Basisbereidingswijzen
Bakken
- Het bereiden van gerechten in margarine, boter, olie of vloeibaar bak- en braadvet in een open pan op een hoog vuur.
- Geschikt voor: malse kleine stukken vlees, zoals biefstuk, entrecote, bieflap, varkensoester, lamskoteletten, tartaar, gehakt en voor kipfilet en vis.
Tips voor de bereiding:
- Zorg voor een passende koekenpan (dat wil zeggen niet te groot voor het te bakken gerecht).

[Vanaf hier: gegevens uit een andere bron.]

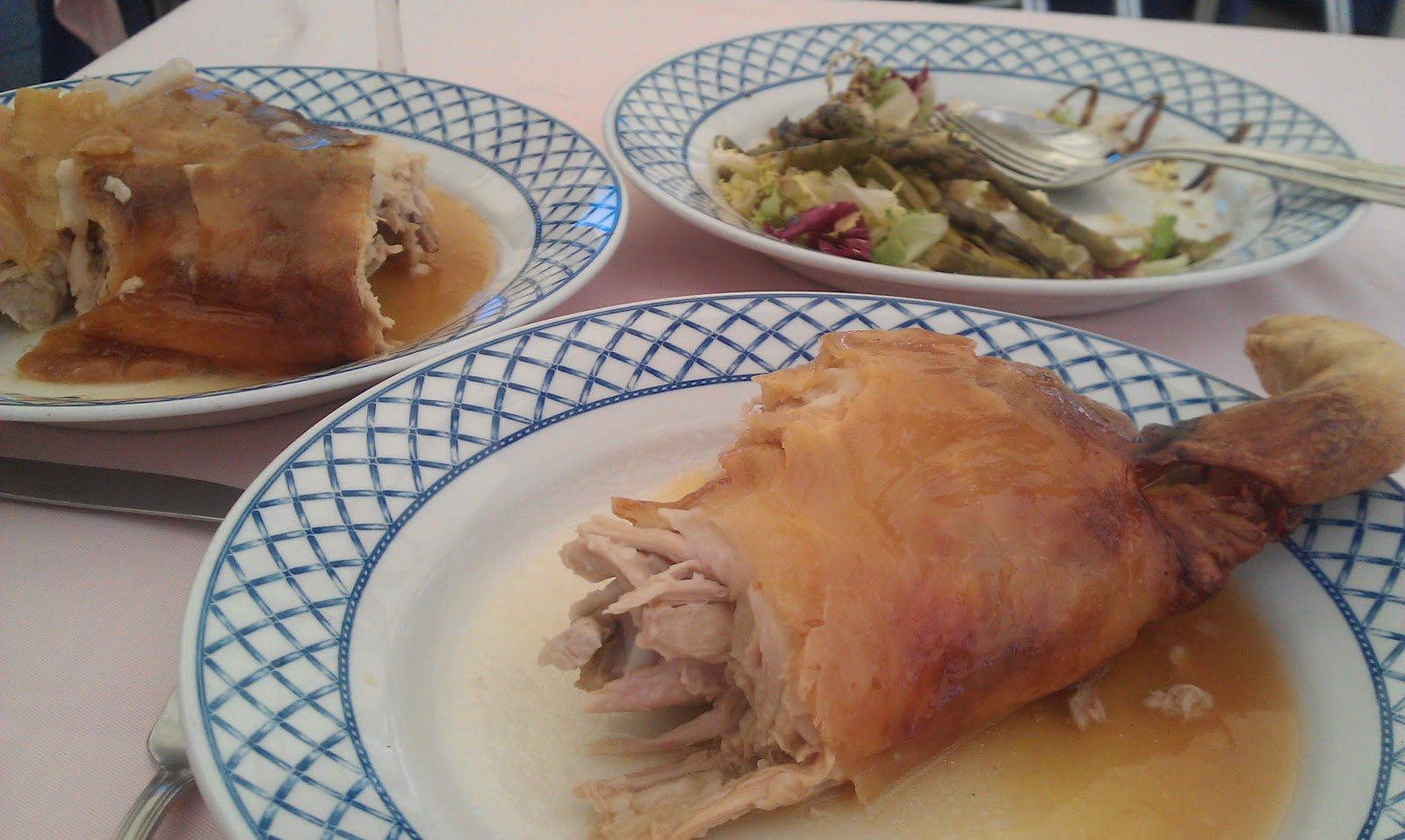 Meson Candido la comida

- Gebruik maximaal 15 gram of 1 eetlepel margarine of ander product per persoon. Minder margarine kan wel, maar dan wordt de jus wat schraal van smaak.
- Een paneerlaagje om vlees of vis neemt tijdens het bakken veel vet op. Vermijd dit zoveel mogelijk.
Koken
- Het bereiden van voedsel in water of een andere vloeistof bij een temperatuur van 100 °C.

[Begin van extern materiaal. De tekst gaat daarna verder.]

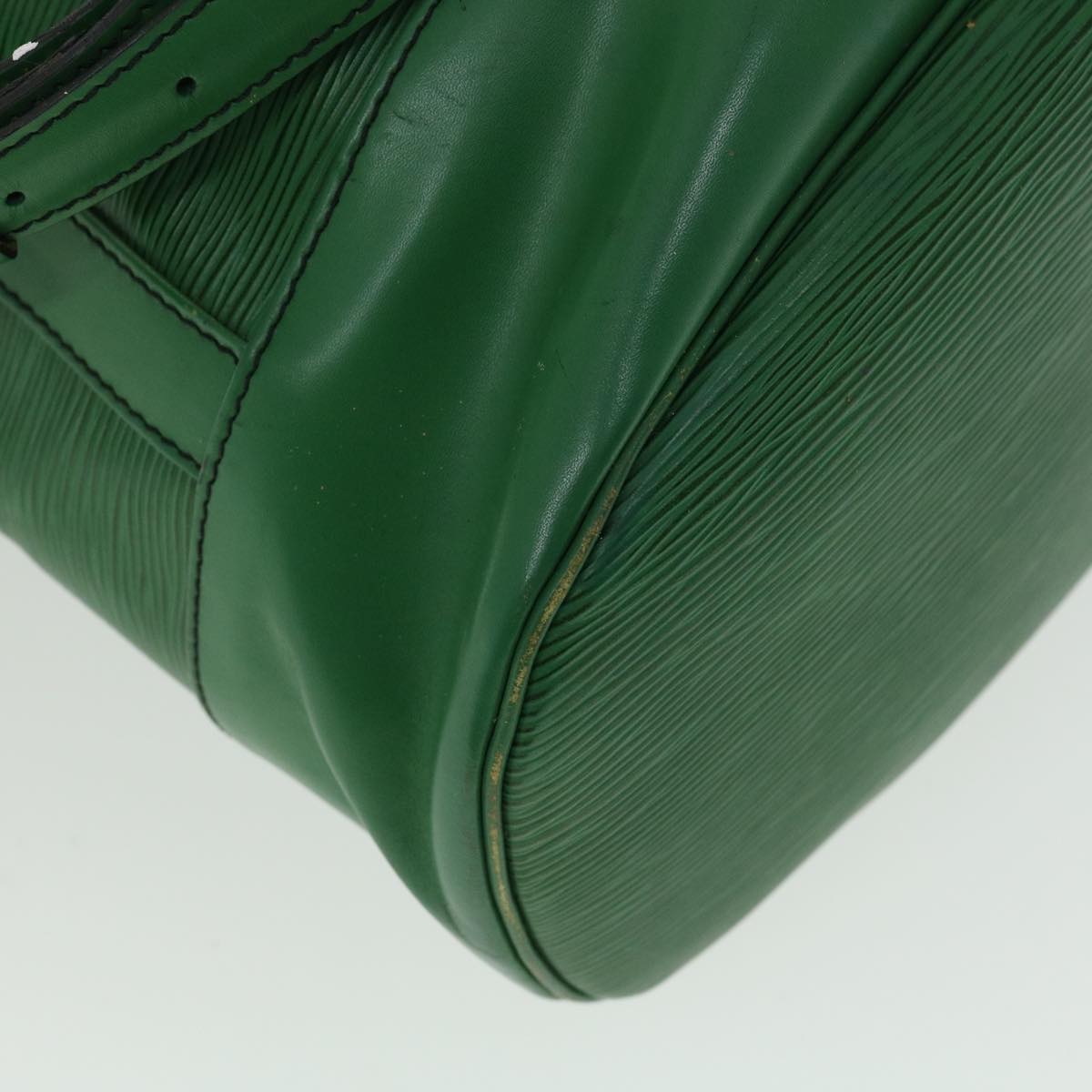 LOUIS VUITTON Epi Randonnee GM Shoulder Bag Green M43084 LV Auth tp508  Leather ref.710482 - Joli Closet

- Koken levert geen extra calorieën.
Tips voor de bereiding:
- Gebruik weinig water en kook zo kort mogelijk, dan blijven de vitamines beter bewaard, behoudt het voedingsmiddel meer zijn smaak en blijft het voedsel knapperig.
- Kook aardappelen, rijst, pasta of groenten eens in wat bouillon. Groenten hebben zo geen extra smaakmaker in de vorm van een klontje margarine of boter nodig.
Pocheren
- Het bereiden van voedsel in water of bouillon waarvan de temperatuur net onder het kookpunt blijft.
- Hierdoor blijven bepaalde gerechten smakelijker en vallen ze niet uit elkaar.
- Vooral geschikt voor: vis en eieren.
- Ook geschikt voor: het gaar maken van gehakt en kipfilet, zonder vet.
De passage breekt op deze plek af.